Однажды весной, в самое половодье, подъезжал я к родному моему Глупову. День был базарный, и та часть реки Большой Глуповицы, где была устроена паромная пристань, была буквально усыпана народом. Требовался порядок; а если требовался порядок, то, натурально, ощущалась потребность и в начальстве. Оно и было тут налицо, и на этот раз заблагорассудило распорядиться так, чтоб ни одна из плывущих по реке барок и лодок отнюдь не осмеливалась переплывать за паромный ход, покуда не свалит весь народ. Сказано— сделано; барки и лодки остановились и оцепенели, как очарованные. Однако одна лодка соскучилась; к величайшему своему несчастию, она обладала способностью анализа и на этом основании решила, что рассуждение начальства неудовлетворительно и что, покуда машина нагружается, сотни лодок могут очутиться по другую сторону паромного хода. Но начальство немедленно подняло гвалт и откомандировало своего дантиста для преследования и наказания ослушника. До сих пор все в порядке вещей, и я, конечно, не остановился бы на таком общеизвестном и общепонятном факте, если бы рядом с формальным его проявлением не раскрывался и внутренний его смысл, высказавшийся как в положении, принятом преследуемым, так и в отношении к нему толпы, теснившейся на пароме.
Преследуемый, как только завидел дантиста, не пустился наутек, как можно было бы ожидать, но показал решимость духа изумительную, то есть перестал грести и, сложив весла, ожидал. Мне показалось даже, что он заранее и инстинктивно дал своему телу наклонное положение, как бы защищаясь только от смертного боя.

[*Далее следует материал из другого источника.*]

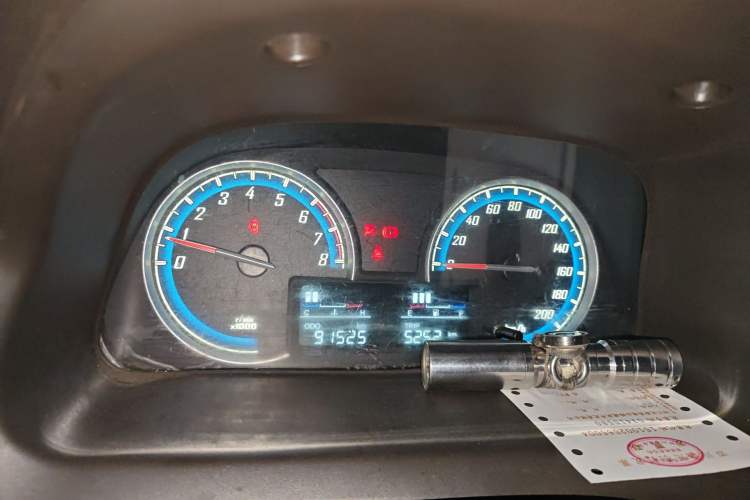 Used Baojun 730 2015 1.8L Manual Luxury Navigation ESP Version 7-seater Instrument Cluster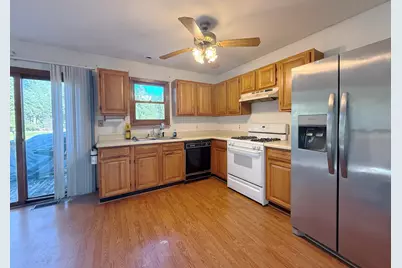 85 Hilldale Road, Fox Lake, IL 60020 - Photo 6
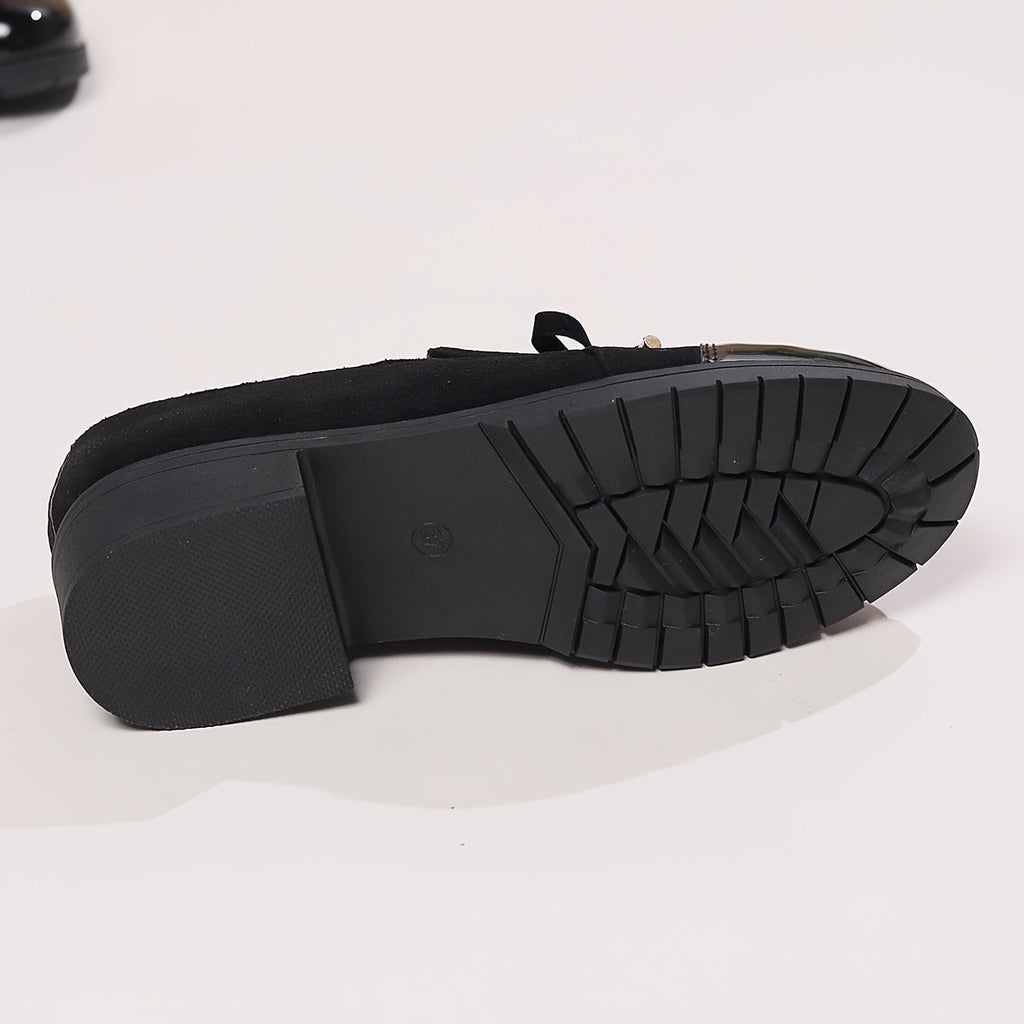 Anamartinezmadrid Graciela | Mocasines de Tacón Bajo con Puntera de Charol y Lazo – photo 4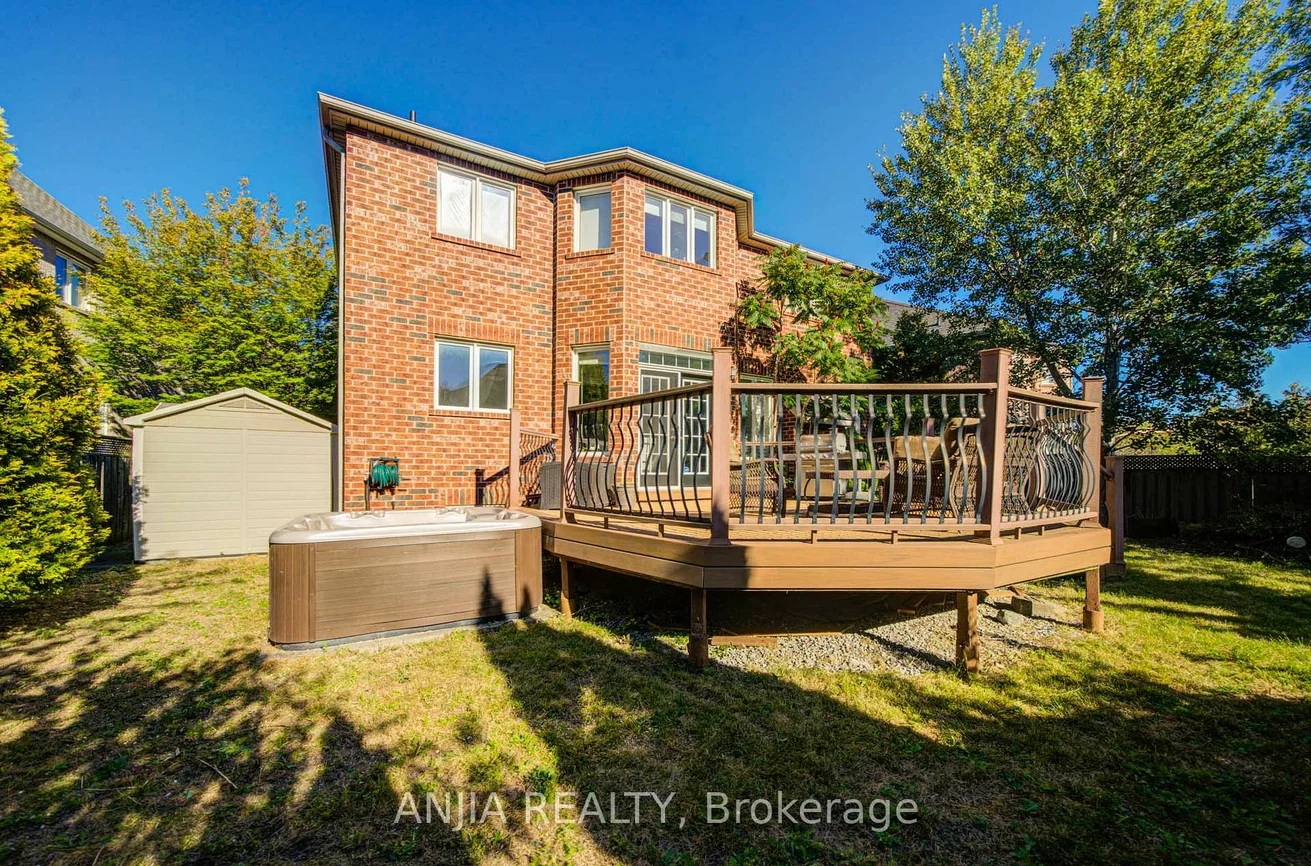 16, Forest Manor, Wismer, Markham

Ну, натурально, дантист орлом налетел, и через минуту воздух огласился воплями раздирающими, воплями, выворачивающими наизнанку человеческие внутренности.
А толпа была весела, толпа развратно и подло хохотала. «Хорошень его! хорошень его!» — неистово гудела тысячеустая. «Накладывай ему! накладывай! вот так! вот так!» — вторила она мерному хлопанью кулаков. Только один нашелся честный старик, который не вытерпел и прошептал: «Разбойники!» — но и тот, заметив, что я расслышал невольный его вздох, как-то изменился в лице и стал робко пробираться сквозь толпу на ту сторону парома.
Разберем этот факт логически.
Ни слова о действии паромного начальства: оно поступило здесь… как бы потемнее выразиться?.. ну, да поступило по соображению с обстоятельствами дела и идеею собственного своего величия…
Исследованию нашему подлежат собственно два предмета: положение преследуемого и отношение толпы к происшествию.
Для чего преследуемый не пошел наутек, для чего он сложил весла? — для того, что он фаталист, что он видит вдали силу и вперед убежден, что от силы не скрыть ему своего тела нигде. Почему он фаталист, почему он верит в вечное, неотразимое торжество силы, он сам этого не объясняет себе, но он чувствует паническое ошеломление при одном появлении силы, но он, как кролик при виде боа, сидит недвижим и как бы очарован до тех пор, пока чудовище не поглотит его.